We arrived at Barefoot Landing Marina early on Monday, 23 April. We only had about 15 more miles to travel from our last anchorage on the Waccamaw River (MM 377) in order to get to Barefoot Landing, so it was a short day in terms of cruising. We left our anchorage about 7:30 a.m. and arrived here at 9:30 a.m. We had to pay close attention to the water because of all the debris that was in the water. It reminded us a lot of the Tennessee River during the first part of spring when there is a lot of debris floating in the water.

Barefoot Landing Marina is not really a marina as we know marinas. It is a long, “face” dock with power and water, and there are no showers/bathrooms or pump out facilities. A big tourist attraction, Barefoot Landing, that includes numerous restaurants and shops, is directly behind the marina. (The House of Blues restaurant is a great place to have breakfast.) Barefoot Landing is is a nice place to stop for a day or two, but if you are looking for all the amenities that a lot of marinas offer, this is not the place to stay. We have heard that being docked here on the weekend can be somewhat uncomfortable when there is a lot of boat traffic coming and going on the ICW, although being here during the week, we did not have any trouble being rocked and rolled.

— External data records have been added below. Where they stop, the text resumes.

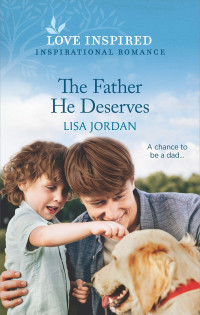 Lisa Jordan — The Father He Deserves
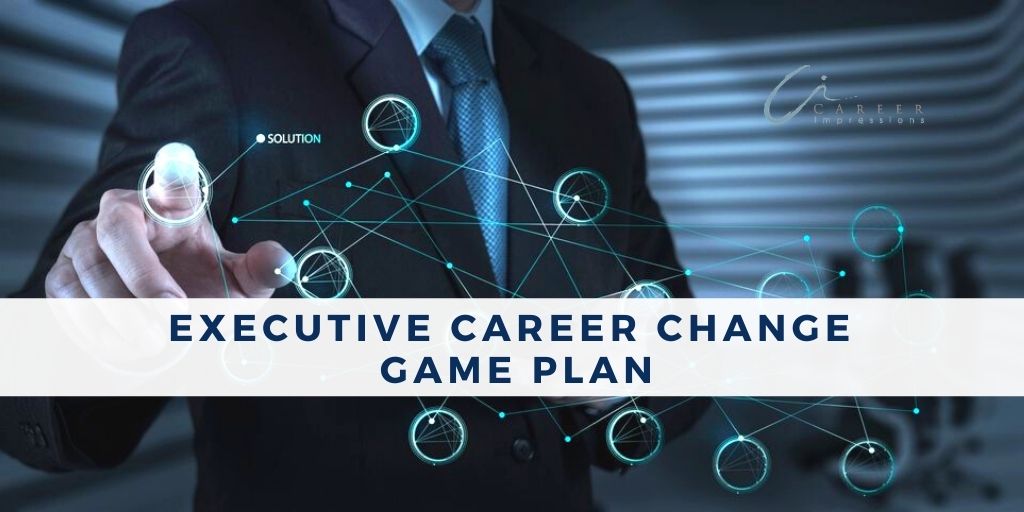 Career change game plan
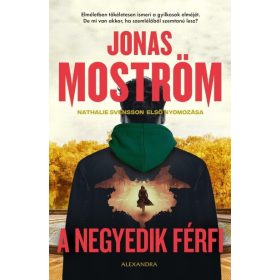   Jonas Moström: A negyedik férfi - Elméletben tökéletesen ismeri a gyilkosok elméjét. De mi van akkor, ha szemlélőből szemtanú lesz?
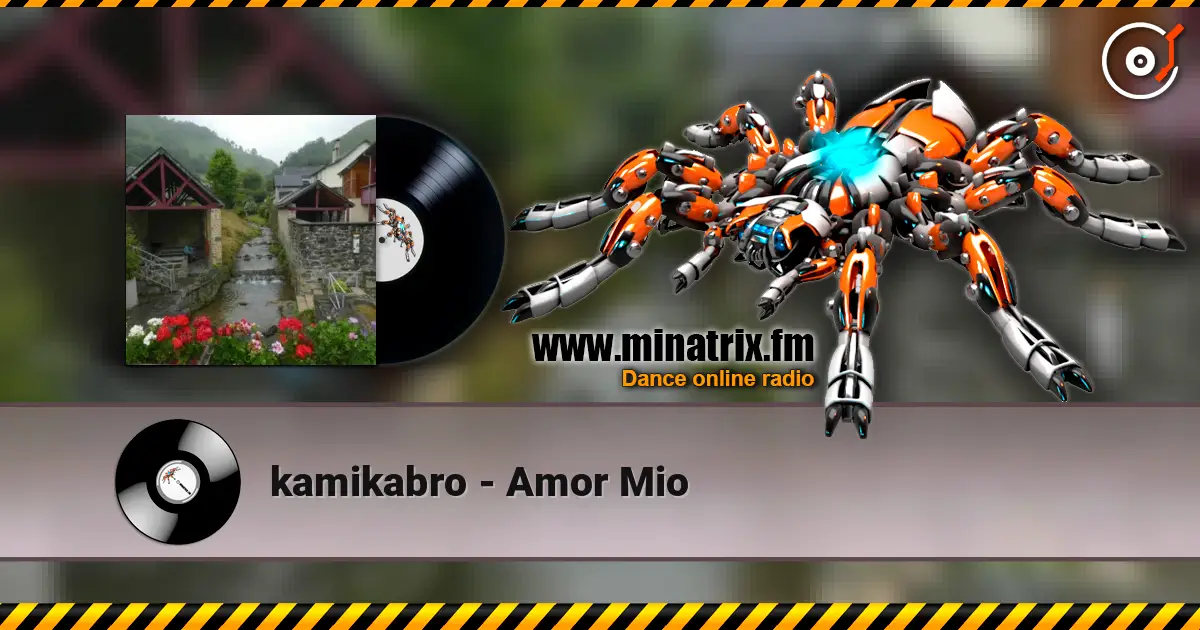 kamikabro - Amor Mio online in hoher Qualität hören | Minatrix.FM
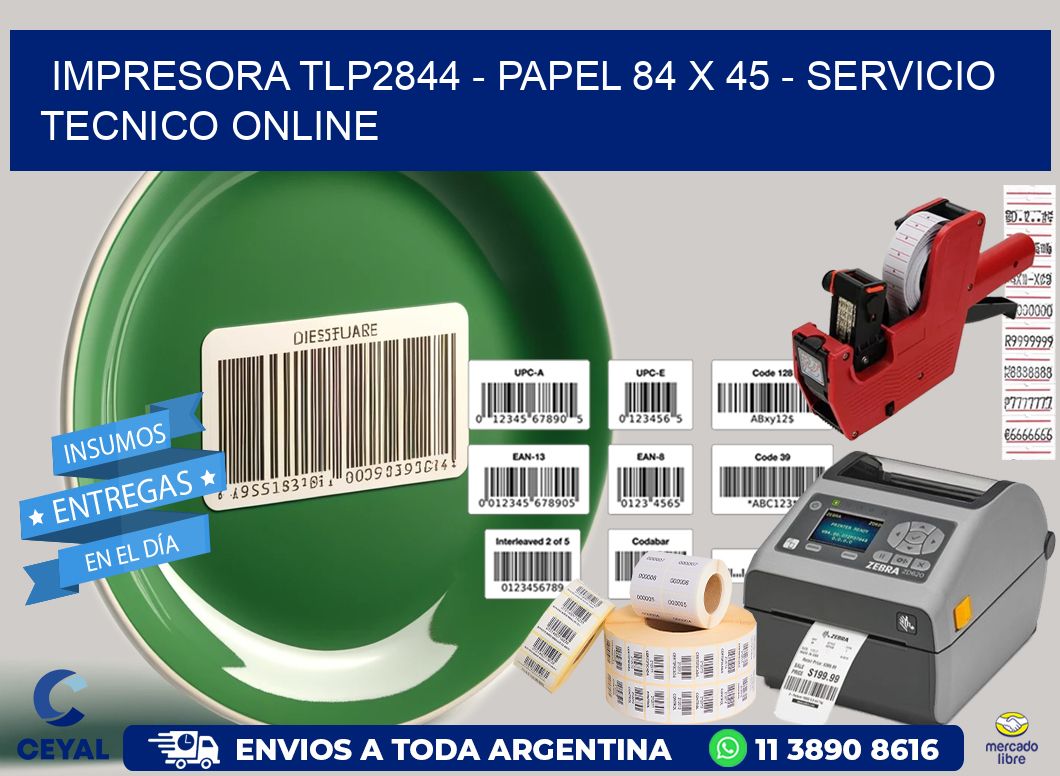IMPRESORA TLP2844 – PAPEL 84 x 45 – SERVICIO TECNICO ONLINE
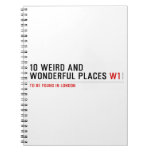 10 Weird and wonderful places  Notebooks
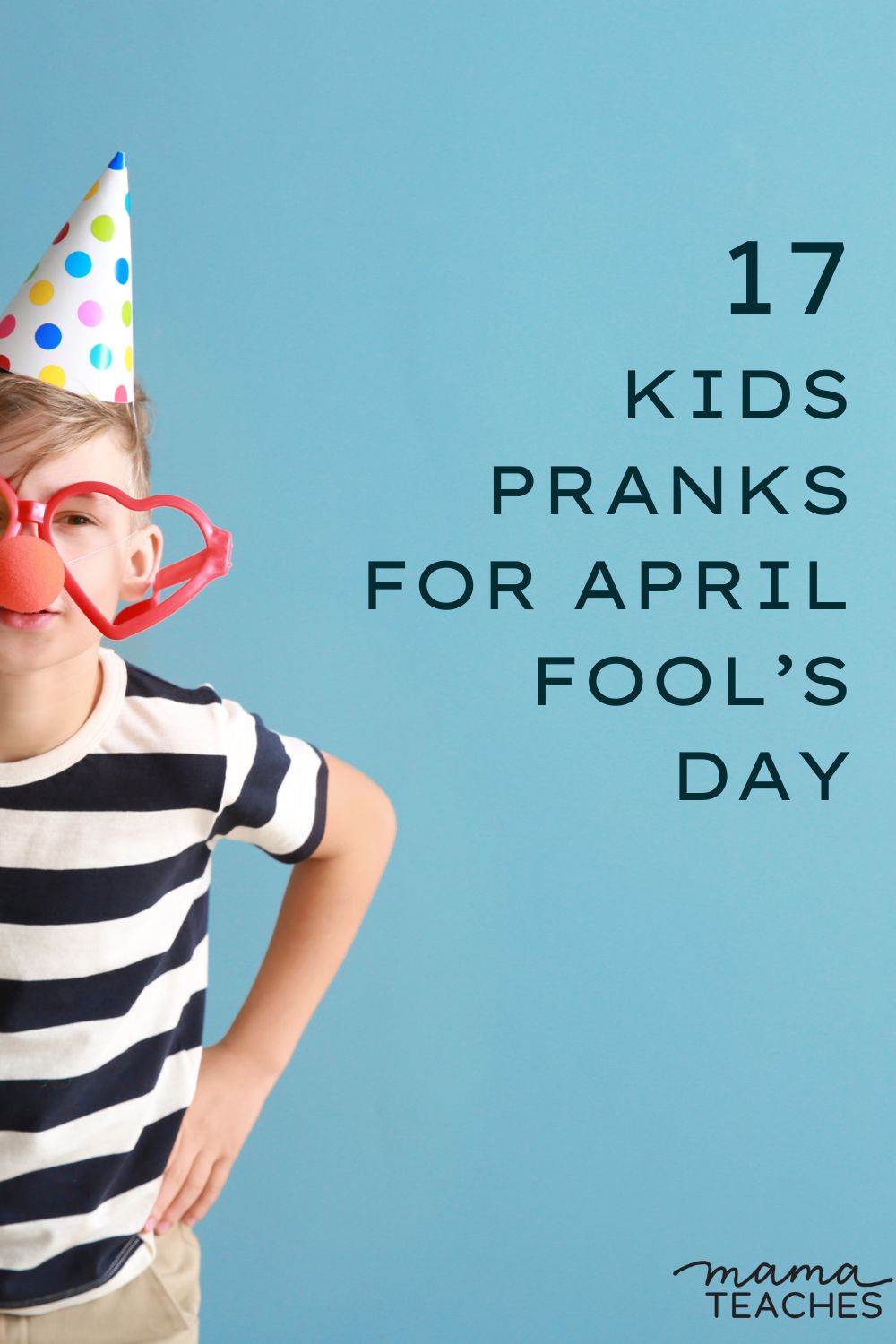 17 Kids Pranks for April Fool's Day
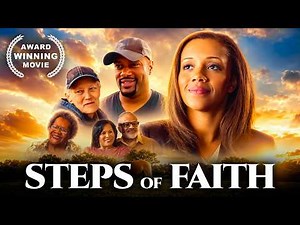 Steps of Faith | 4K | Free Movie | Christian Drama Movie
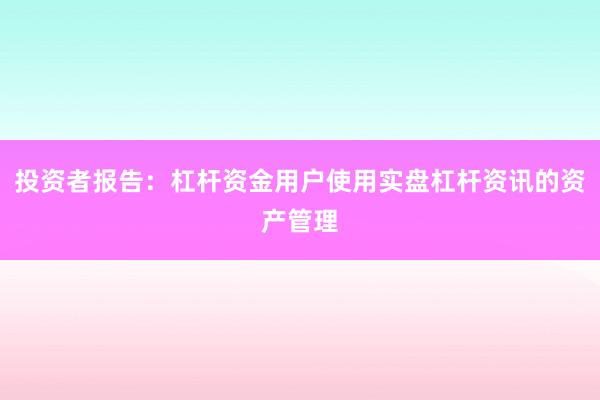 投资者报告：杠杆资金用户使用实盘杠杆资讯的资产管理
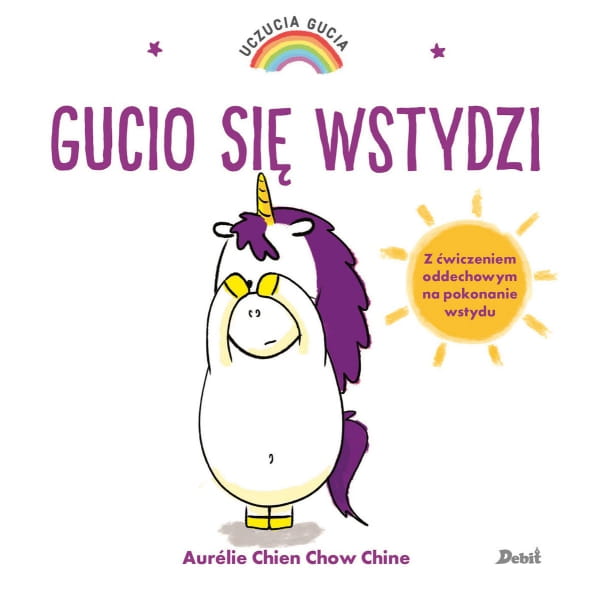 Wydawnictwo Debit  -  Uczucia Gucia. Gucio Się Wstydzi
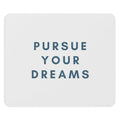 White cloth mouse pad with "Pursue Your Dreams" text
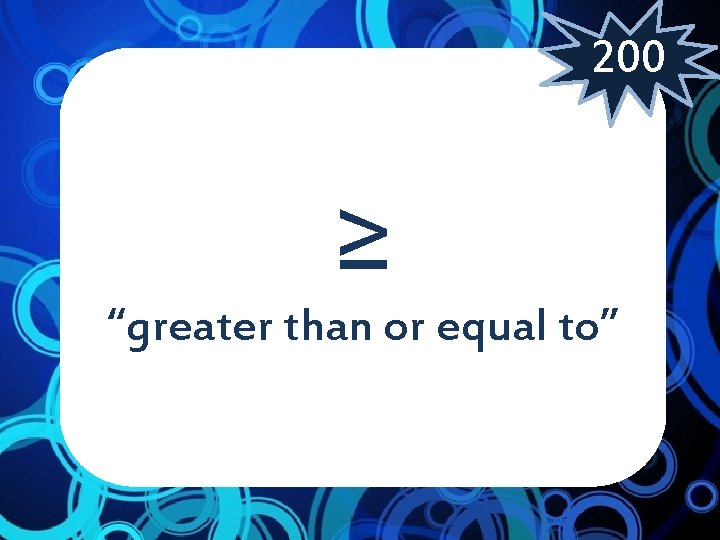 200 ≥ “greater than or equal to”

Mike’s son, Mike Jr., joined us on Monday afternoon. Since he had a car, he hauled us around all week to run errands and to make several trips to West Marine. We spent most of Wednesday afternoon and Thursday with family from Dillon, SC, and Effingham, SC, who were vacationing at Myrtle Beach. We had a great time and enjoyed spending time with family.

Late Thursday evening, we said our goodbyes to family and headed back to the boat to prepare for leaving on Friday morning. Next stop Holden Beach, NC.

Thursday, April 26, 2007

Beaufort, SC, to Charleston, SC

We left Toogoodoo Creek (one of our best anchorages) at 6:30 a.m. on 12 April and headed to Charleston City Marina in downtown Charleston, SC, and arrived there at 10:00 a.m. Once settled, we immediately began washing and cleaning the boat. There was a month's worth of salt and dirt on the boat and we could not wait to get to work on the boat once we got tied up! Later in the evening, we had dinner with Jack and Judy, owners of JJ's ODYSSEY. We met Jack and Judy last spring in Beaufort. They are from Chattanooga and own the 49 foot version of our boat, and it is gorgeous.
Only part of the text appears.